May 7, 1997
IN THE MATTER OF THE ARBITRATION BETWEEN: BOARD OF EDUCATION OF THE BUENA REGIONAL SCHOOL DISTRICT, PLAINTIFF-RESPONDENT,
BUENA REGIONAL EDUCATION ASSOCIATION, DEFENDANT-APPELLANT.
On appeal from Superior Court of New Jersey, Law Division, Atlantic County.
Approved for Publication May 7, 1997.
Before Judges Long, Skillman and A.a. Rodriguez.

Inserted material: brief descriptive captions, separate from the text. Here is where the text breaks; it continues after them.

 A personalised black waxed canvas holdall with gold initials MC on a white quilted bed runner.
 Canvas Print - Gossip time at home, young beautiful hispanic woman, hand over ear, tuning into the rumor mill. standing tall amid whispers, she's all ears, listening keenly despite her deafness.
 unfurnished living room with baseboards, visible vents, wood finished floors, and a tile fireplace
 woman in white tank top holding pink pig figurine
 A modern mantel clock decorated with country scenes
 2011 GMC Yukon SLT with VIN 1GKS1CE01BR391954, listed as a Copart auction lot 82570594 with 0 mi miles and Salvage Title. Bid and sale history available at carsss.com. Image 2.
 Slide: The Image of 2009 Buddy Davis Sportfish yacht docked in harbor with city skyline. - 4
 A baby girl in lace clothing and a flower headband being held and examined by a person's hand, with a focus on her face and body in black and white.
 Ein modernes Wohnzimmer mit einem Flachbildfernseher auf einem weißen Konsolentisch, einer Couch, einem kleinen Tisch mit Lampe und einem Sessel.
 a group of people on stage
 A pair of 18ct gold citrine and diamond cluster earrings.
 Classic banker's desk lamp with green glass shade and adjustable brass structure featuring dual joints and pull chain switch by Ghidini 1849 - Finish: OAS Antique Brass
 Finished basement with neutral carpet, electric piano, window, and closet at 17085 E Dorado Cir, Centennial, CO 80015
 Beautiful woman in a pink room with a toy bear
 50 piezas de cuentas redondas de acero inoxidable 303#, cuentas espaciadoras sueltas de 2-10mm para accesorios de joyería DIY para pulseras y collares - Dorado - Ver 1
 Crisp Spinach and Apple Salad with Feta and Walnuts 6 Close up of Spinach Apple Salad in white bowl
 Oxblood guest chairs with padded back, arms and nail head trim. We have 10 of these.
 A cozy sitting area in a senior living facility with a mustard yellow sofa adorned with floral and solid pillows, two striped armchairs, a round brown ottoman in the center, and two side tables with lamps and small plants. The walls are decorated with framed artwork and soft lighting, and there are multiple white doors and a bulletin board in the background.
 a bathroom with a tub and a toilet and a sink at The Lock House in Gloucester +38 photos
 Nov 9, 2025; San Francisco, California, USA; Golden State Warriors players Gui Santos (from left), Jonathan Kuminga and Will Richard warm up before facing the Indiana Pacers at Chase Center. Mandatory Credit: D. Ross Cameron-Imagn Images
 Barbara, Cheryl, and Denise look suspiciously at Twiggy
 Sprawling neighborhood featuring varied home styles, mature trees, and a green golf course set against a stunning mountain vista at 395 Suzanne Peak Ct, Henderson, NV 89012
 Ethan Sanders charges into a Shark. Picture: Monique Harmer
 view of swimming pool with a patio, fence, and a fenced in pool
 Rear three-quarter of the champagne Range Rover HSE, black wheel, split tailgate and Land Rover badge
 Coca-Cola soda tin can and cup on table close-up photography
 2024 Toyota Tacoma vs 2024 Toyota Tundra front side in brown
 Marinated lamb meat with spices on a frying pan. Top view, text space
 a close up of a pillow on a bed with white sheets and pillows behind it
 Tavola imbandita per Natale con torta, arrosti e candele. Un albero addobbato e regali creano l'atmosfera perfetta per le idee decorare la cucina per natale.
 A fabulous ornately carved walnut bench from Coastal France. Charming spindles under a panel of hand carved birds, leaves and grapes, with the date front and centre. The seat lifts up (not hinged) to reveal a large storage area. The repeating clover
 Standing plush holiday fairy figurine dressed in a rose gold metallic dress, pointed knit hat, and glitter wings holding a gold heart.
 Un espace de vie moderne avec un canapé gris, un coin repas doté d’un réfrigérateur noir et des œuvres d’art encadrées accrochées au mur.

The opinion of the court was delivered by Skillman, J.A.D.
The opinion of the court was delivered by: Skillman
The opinion of the court was delivered by
This appeal involves the interpretation of N.J.S.A. 18A:28-6.1, which provides that when a school district discontinues a school and enters into an agreement to send its students to another district, the receiving district must offer employment to the tenured teachers in the discontinued school and preserve their basic employment rights including "seniority."
On December 19, 1992, the Board of Education of the Borough of Newfield (Newfield Board) entered into an agreement with the Board of Education of the Buena Regional School District (Buena Board), effective July 1, 1993, to expand their previous send-receiving relationship, which had covered grades seven through twelve, to include grades K through six. Paragraph five of this agreement provided in pertinent part:
All Sending District's teaching staff members who have tenure as of June 30, 1993 will be employed by Receiving District as required by N.J.S.A. 18A:28-6.1. All such transferred teaching staff will receive compensation and benefits based on the Receiving District's contractual agreements effective July 1, 1993.
Pursuant to this agreement, ten tenured elementary school teachers formerly employed by the Newfield Board became employed by the Buena Board.
Thereafter, the Buena Board entered into a collective bargaining agreement with the Buena Regional Education Association (Buena Education Association) covering the period from July 1, 1993, to June 30, 1996. This agreement included a multi-step salary guide under which teachers were compensated in accordance with their years of service. The ten teachers who had transferred from the Newfield district were given full credit for their service in Newfield in determining their compensation under this salary guide.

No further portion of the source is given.